CEPR's Acharya/Cetorelli/Tuckman: Transformation of activities and risks between bank and non-bank financial intermediaries
01 May 2024
Non-bank financial intermediaries have surpassed banks as the largest global financial intermediaries, yet they remain lightly regulated...the intermediation activities and risks of non-bank financial intermediaries and banks have become intricately intertwined..
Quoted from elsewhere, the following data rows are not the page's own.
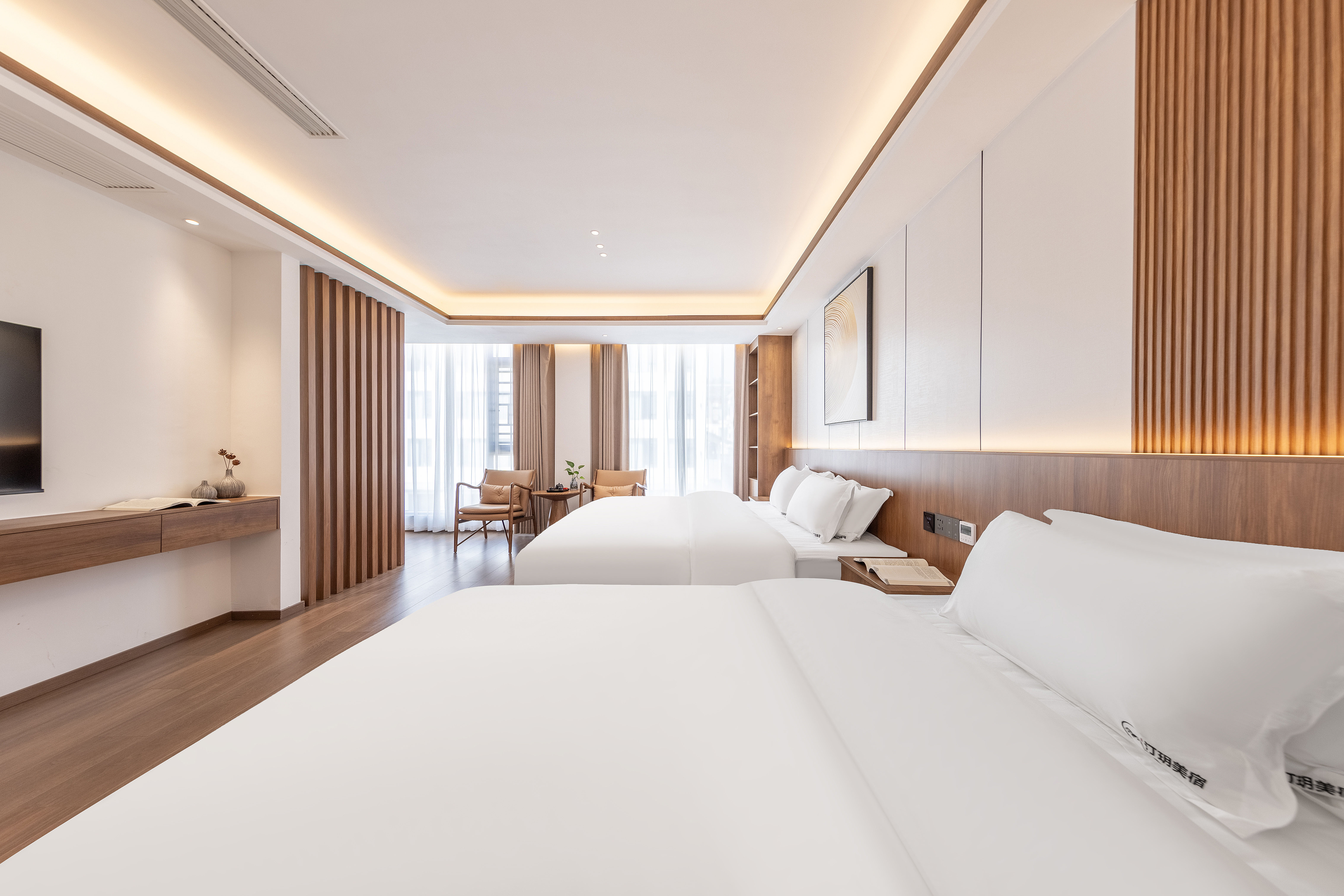 Lunar Gleam Cloud Family Twin Room (Smart Voice Control + Smart Toilet + Bathroom Wet-Dry Separation + Floor-to-Ceiling Window)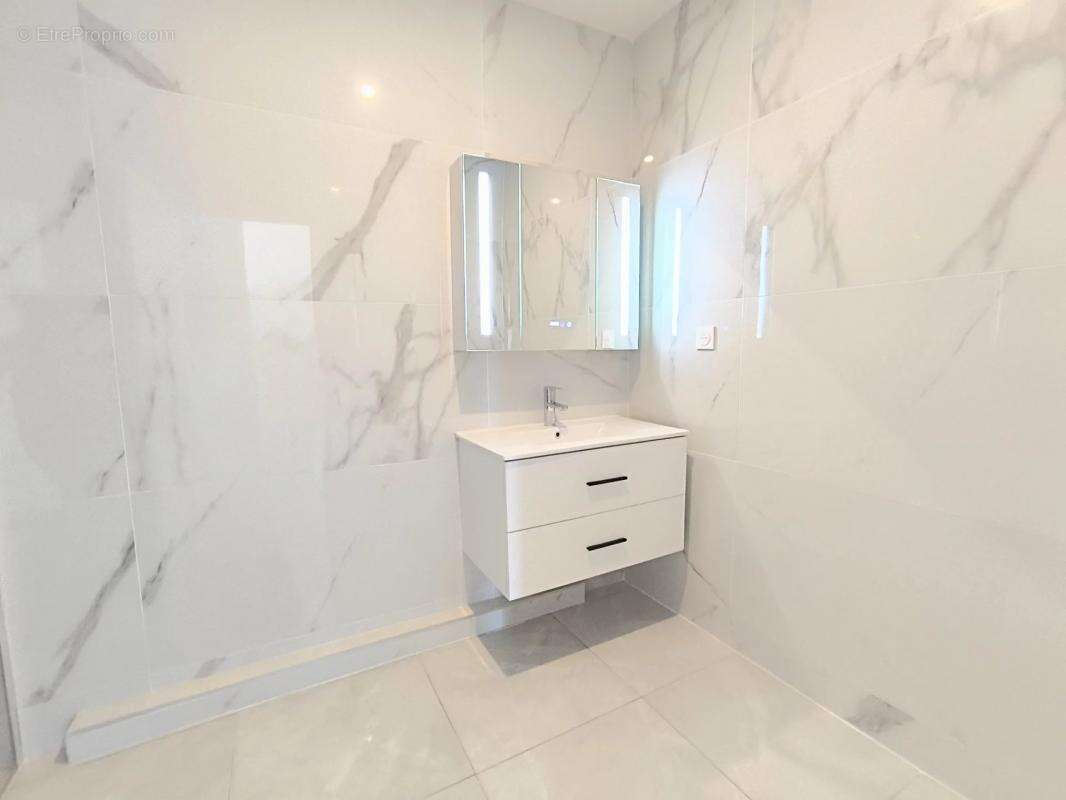 Appartement à SAINT-PIERRE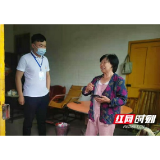 桃江县灰山港：受伤不减敬业本色 干部“跛脚”入村开展敲门行动
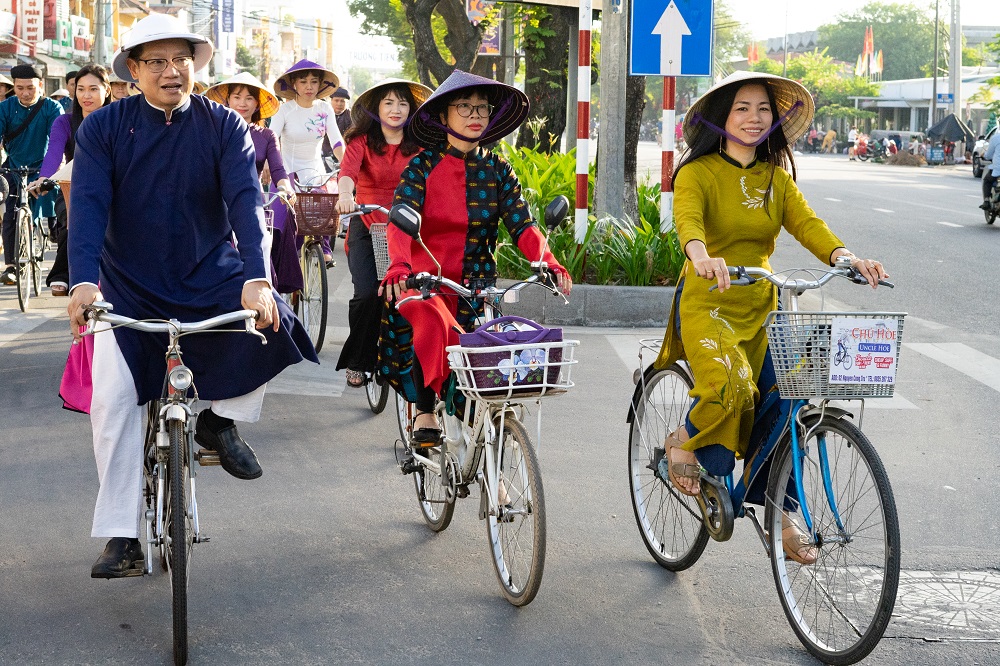 Doan Trang Ao Dai - /en-us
Non-bank financial intermediaries (NBFIs) have surpassed banks as the largest global financial intermediaries. And yet, most NBFIs continue to be lightly regulated relative to banks for safety and soundness, whether in terms of capital and liquidity requirements, supervisory oversight, or resolution planning. Figure 1 shows, using data from the Financial Stability Board (FSB), that the global financial assets of NBFIs have grown faster than those of banks since 2012, to about $239 trillion and $183 trillion in 2021, respectively. In percentage terms, the share of the NBFI sector has grown from about 44% in 2012 to about 49% as of 2021, while banks’ share has shrunk from about 45% to about 38% over the same period.
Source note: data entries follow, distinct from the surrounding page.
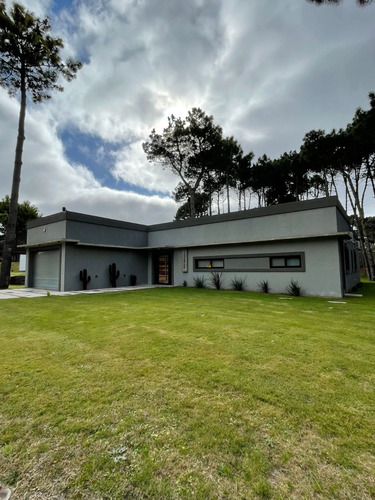 Casa En Pinamar Norte Para 8/9 Personas Con Piscina Climatizada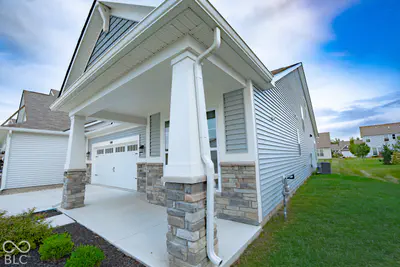 6607 Red Barn Drive, Whitestown - 4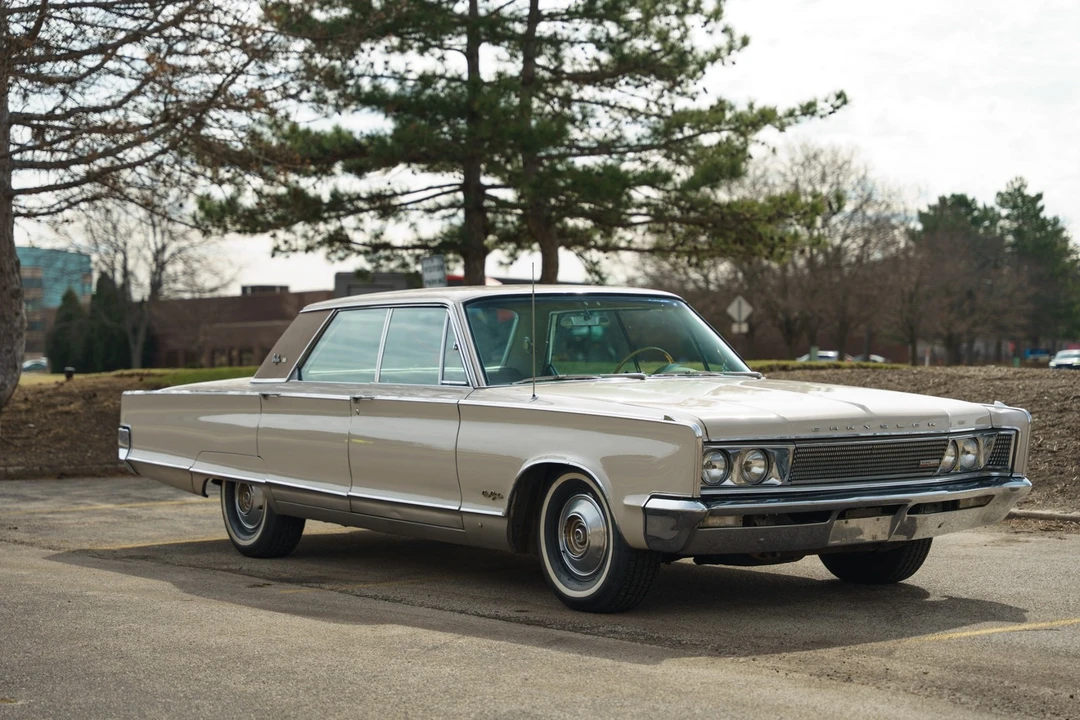 1966 Chrysler New Yorker - Image 26 of 31
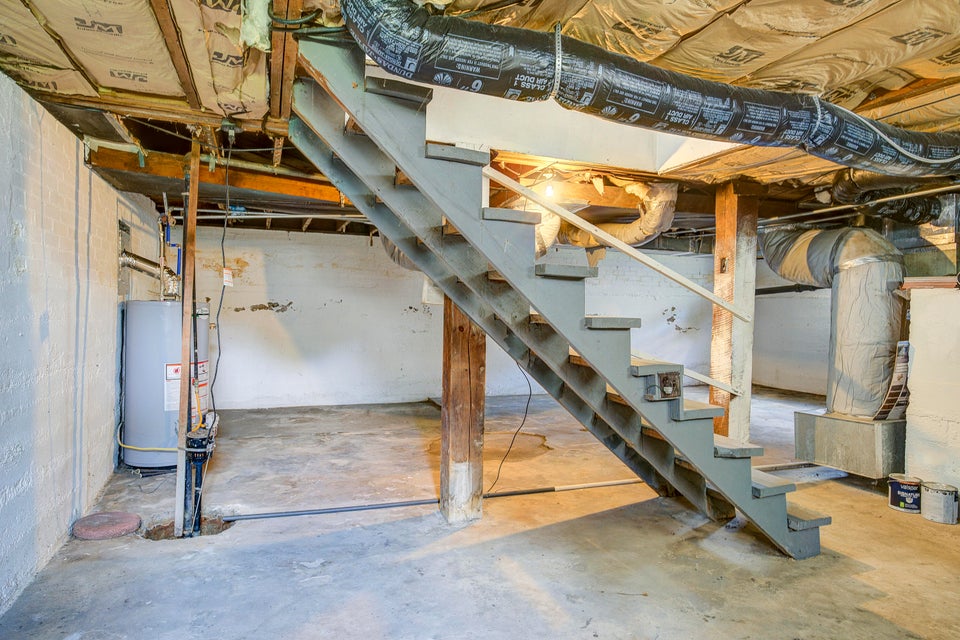 Photo #22: 310 E Street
Notes: The NBFI sector includes all financial institutions that are not central banks, banks, or public financial institutions. Included are all 19 Euro area countries, Argentina, Australia, Brazil, Canada, Cayman Islands, Chile, China, Hong Kong, India, Indonesia, Japan, Korea, Mexico, Russia, Saudi Arabia, Singapore, South Africa, Switzerland, Türkiye, United Kingdom, and the United States. Source: Financial Stability Board [FSB] (2022).